As the months have passed I’ve become more and more certain of one thing – it’s hard for me to imagine a life where we never live abroad again. Living in Korea was hard in many ways –especially when it came to being so far from our families and friends—but it was also the greatest thing we’ve ever done and it changed our lives forever. The takeaway was overwhelmingly positive and I only regret that we didn’t do it sooner.
I’ve written about my struggle with FOBO (fear of being ordinary), but along with that (or maybe the source of that) is a somewhat crippling fear of Time. Sometimes I can’t help but look at my life as a clock that’s always ticking down. I know that I am young, but I can see the process of aging already beginning in my body. There are wrinkles on my forehead and bags under my eyes and my back hurts when I sleep on a bed with a soft mattress.
I don’t want to be young forever for vanity’s sake, but often Time feels like a cruel restraint on my dreams. For several years I’ve been intrigued by the idea of getting a working holiday visa in a place like Australia or New Zealand or the UK and spending a season or so living in one of these places while earning a small income to support (or somewhat support) living there. Just yesterday, I was reminded that these types of visas are only available to people who are 18 – 30 years old and have no children. When Jonathan graduates from his program he will be one month shy of his 31st birthday and the clock will have run out on this dream.

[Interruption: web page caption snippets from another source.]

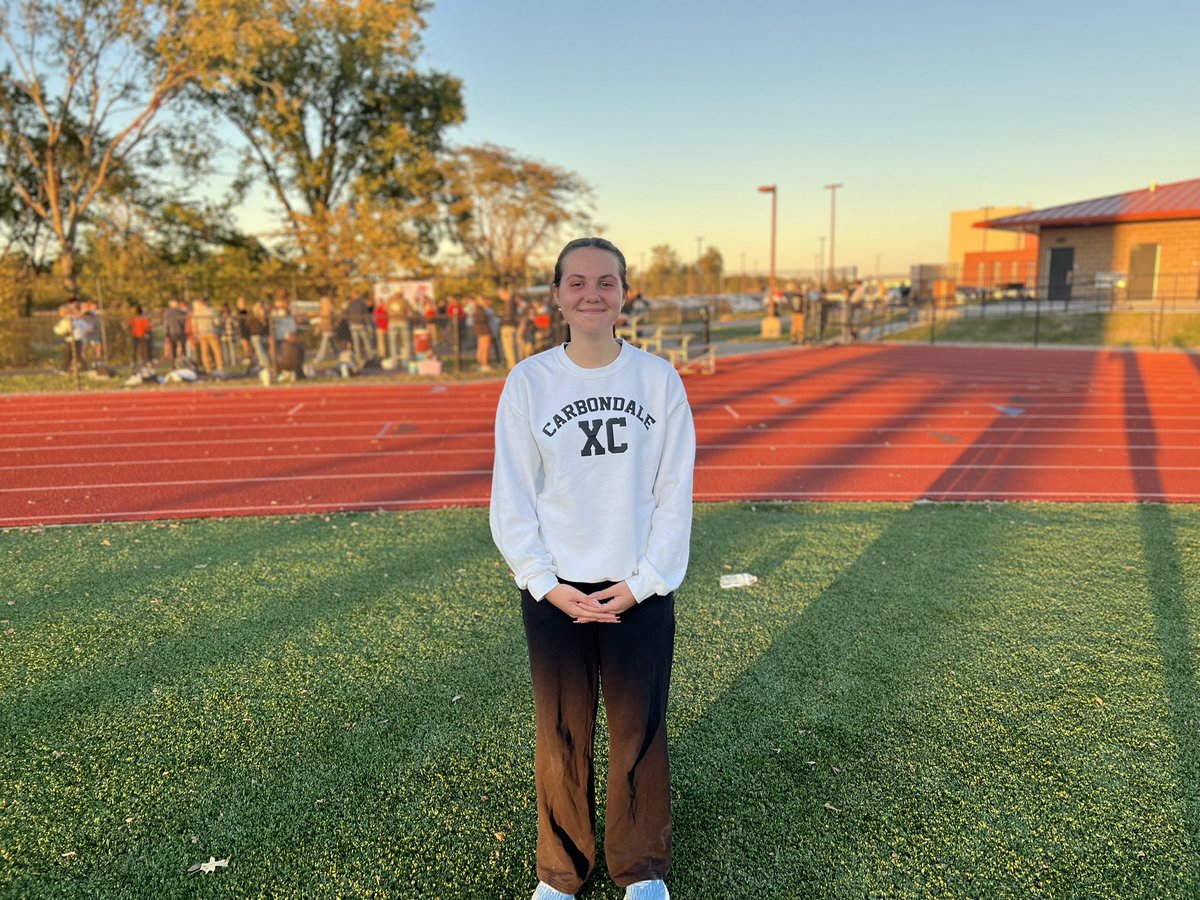 CCHS_TFXC's tweet photo. Girls ran really well today @ the South 7 Conference meet. 2 out of 3 girls ran a PB &amp; were led by 1st team all conference/2nd place finisher Sophie Krupa  as well as 2nd team all conference/6th place finish by Eislee Moore. Taylor Crippen had big breakthrough day with a PB! https://t.co/0q8nBVS4dO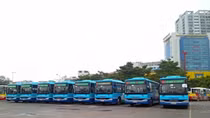 New bus route transports passengers from airport to Hanoi’s centre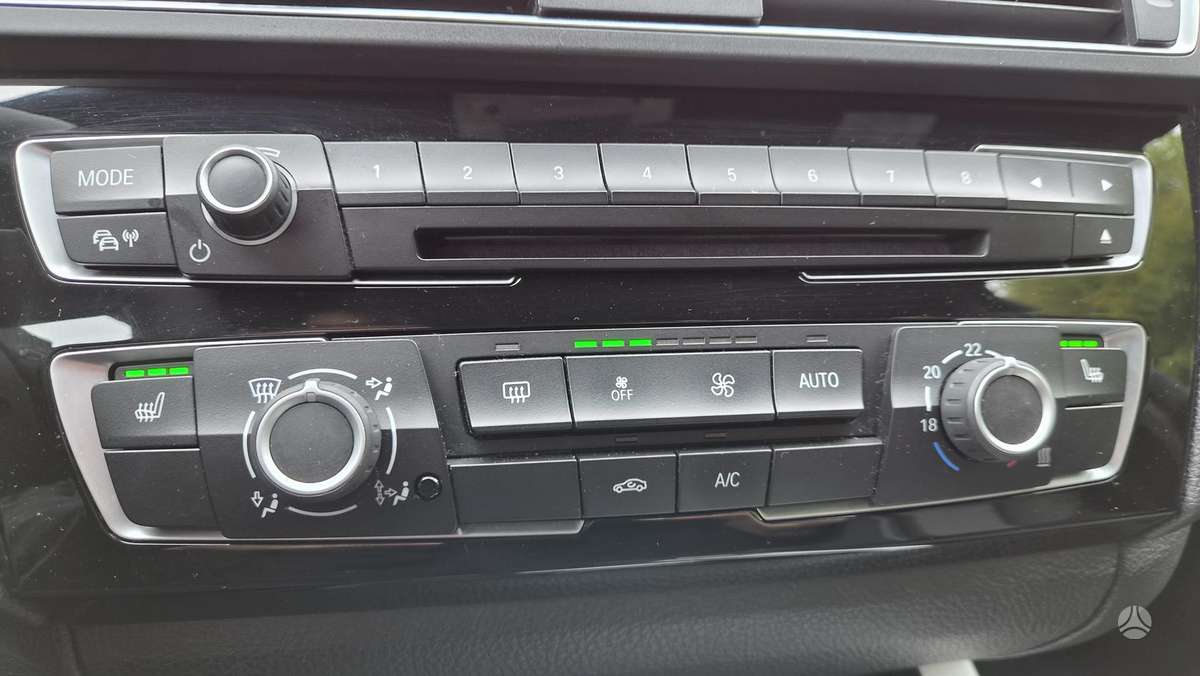 BMW 118, 2.0 l., Хэтчбек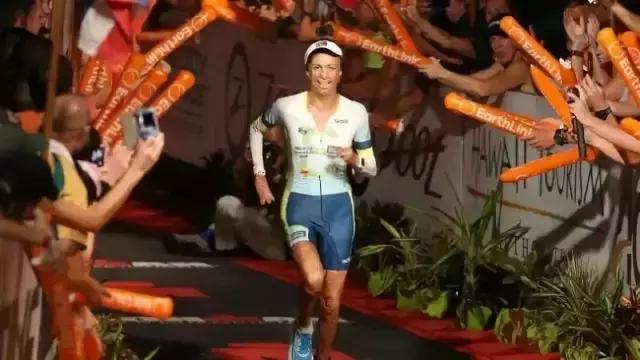 這個男孩誕生轟動了全世界，被稱作「奇迹之子」！因為他爸是全球最帥的男人，最牛的老公！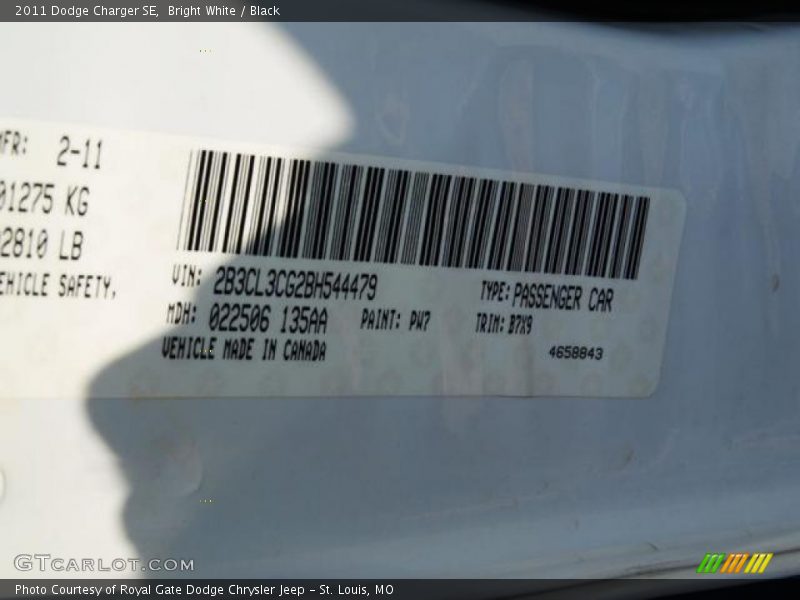 Bright White / Black 2011 Dodge Charger SE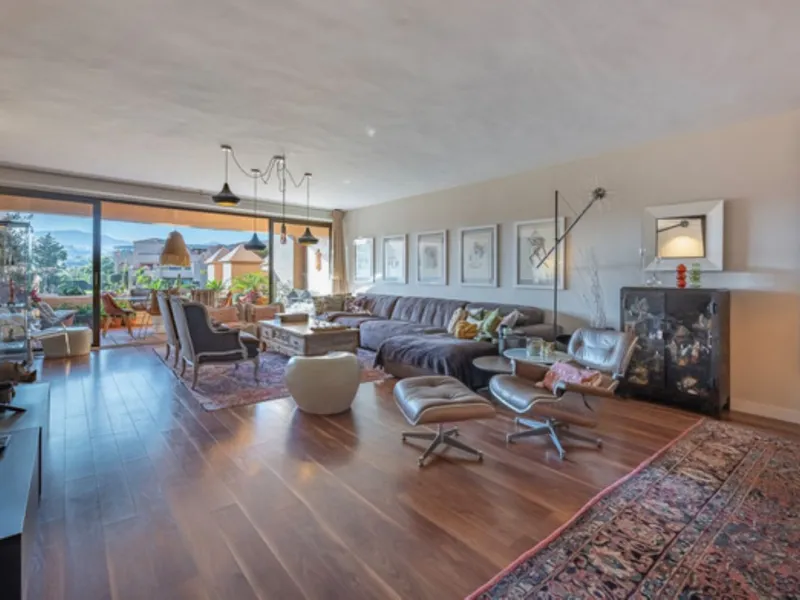 STUNNING PENTHOUSE WITH LARGE TERRACE NEXT TO THE GOLF COURSE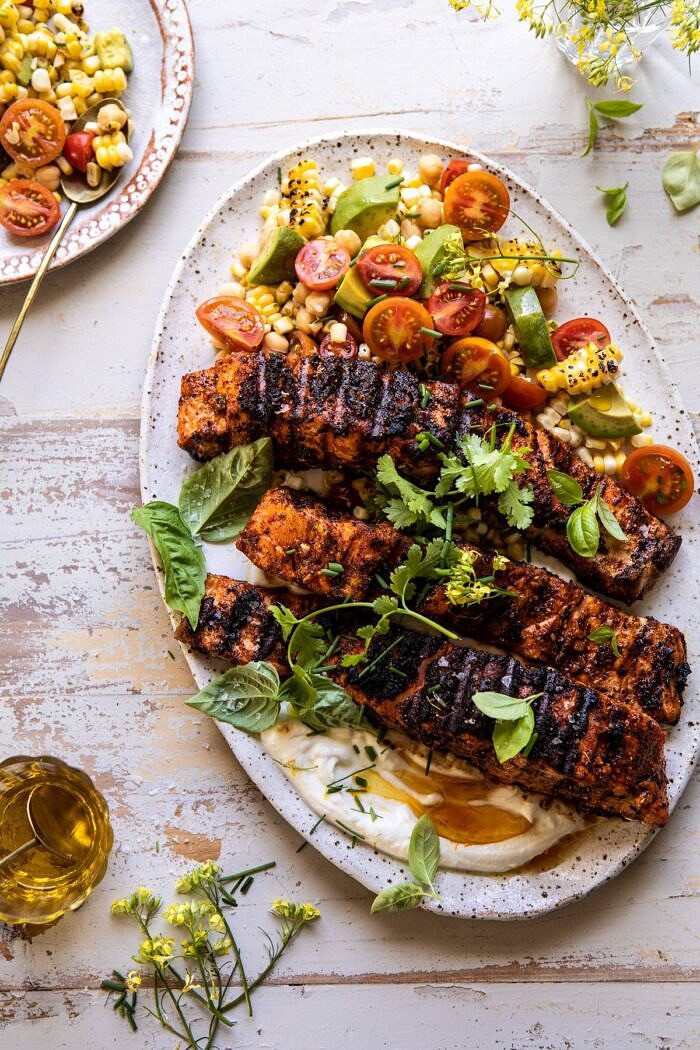 柠檬帕尔马干鲑鱼用玉米，番茄和鳄梨沙拉|halfbakedharvest.com #salmon #grillingBOB娱乐下载recipes #dinner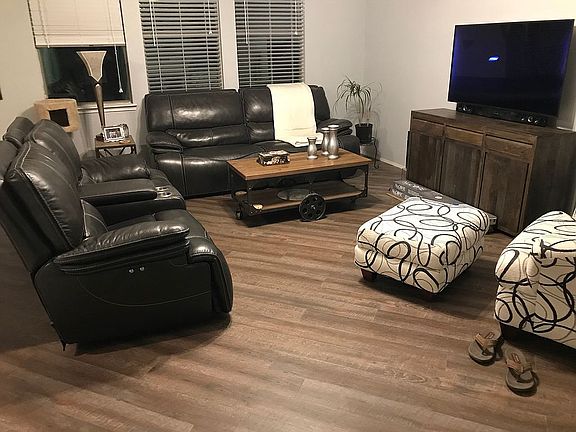 3rd image of 8104 Southern Pine Way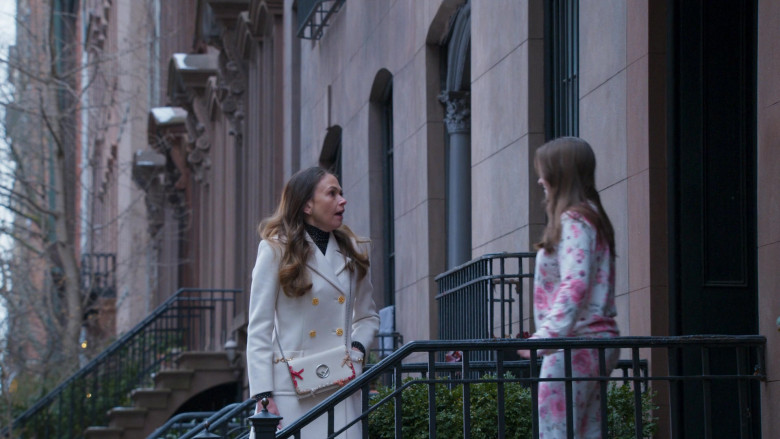 Fendi Shoulder Bag of Sutton Foster as Liza Miller in Younger S07E12 TV Show (2)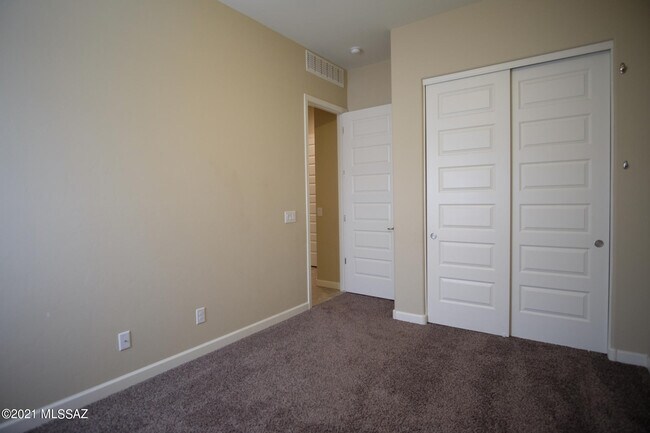 Building Photo - 3462 W Ringtail Den Way
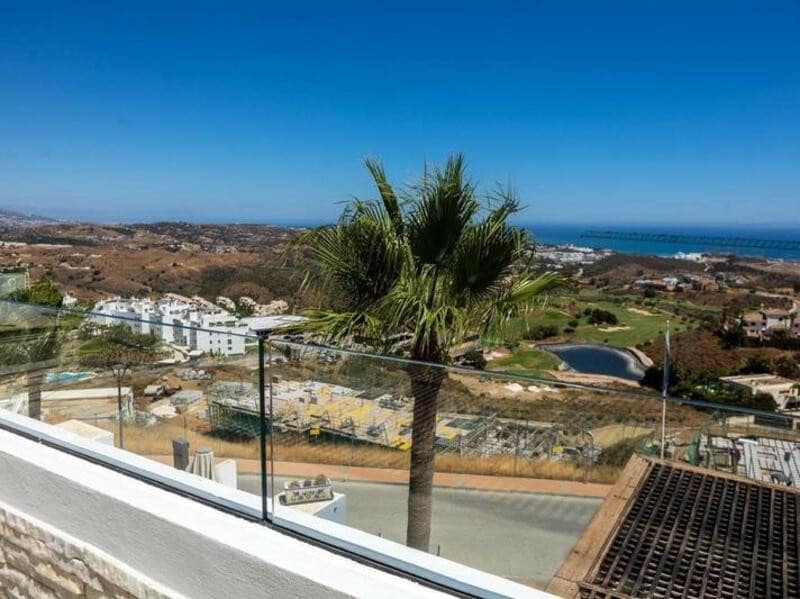 5 soveværelse Penthouse til leje i La Cala de Mijas med swimmingpool garage - € 3.200 (Ref: 9554395)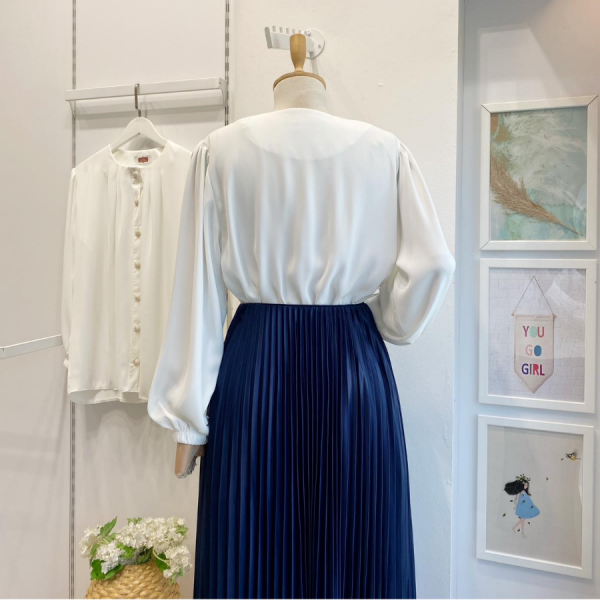 Omuzdan Pileli Beyaz Jesica Gömlek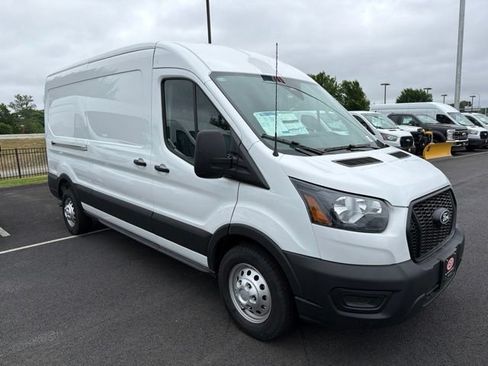 New 2026 Ford Transit 250 148 Medium Roof Extended AWD w/ Load Area Protection Package image 4
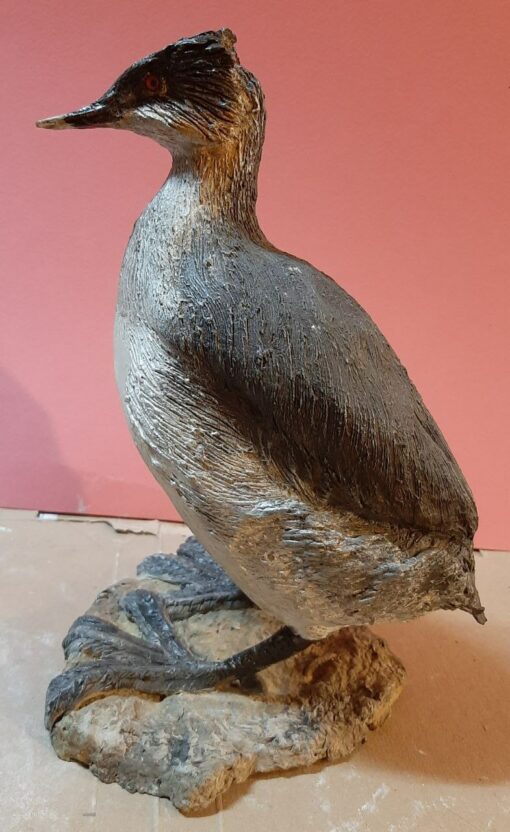 Svasso piccolo scultura in dimensioni naturali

Not to mention the whole having children thing –a decision that is constantly hovering in the background as each year passes and we collect more and more unsolicited advice on decreasing fertility rates and the problem with being old parents.
I wonder if this is my version of the Valley of the Shadow of Death. I live and love and move and be here in this valley and much of the time I’m even quite happy here, but all the while this shadow of death hangs over me and over us all. In the Psalm, David says he fears no evil as he walks through this place, but I am not like him. I don’t fear death itself as an eventuality, but I do fear that it will come too quickly and that I will have too little to show for my life.
You might say this fear of death and of missed opportunities is sinful and that a person of faith shouldn’t cling so tightly to life. That I should have confidence in eternity and be expectant of the life to come. All of this is probably true, but the fact remains that I can’t always change my feelings or what’s in my heart. Only God molds hearts and I am not God.
I hope and pray that my heart does change, but until then I have a choice to make. It is easy for me to get so caught up in not wasting my future that I end up wasting my present.I am here in Columbia, South Carolina for at least 2 ½ more years and I can either live here pining away in fear that I won’t make it to the next, more exciting thing, or I can live here fully and accept that THIS is my next exciting thing.
Because in the end, what would be more of a waste – living well for 3 years in a place that doesn’t feel sexy and exciting to me, or getting to the end of our time here and realizing that I’ve wasted 3 whole years of my life thinking about where else I might be?
There is always tension between living fully where we are and planning for where we are going. I need the grace to live in the now while I hold onto hope for the not yet.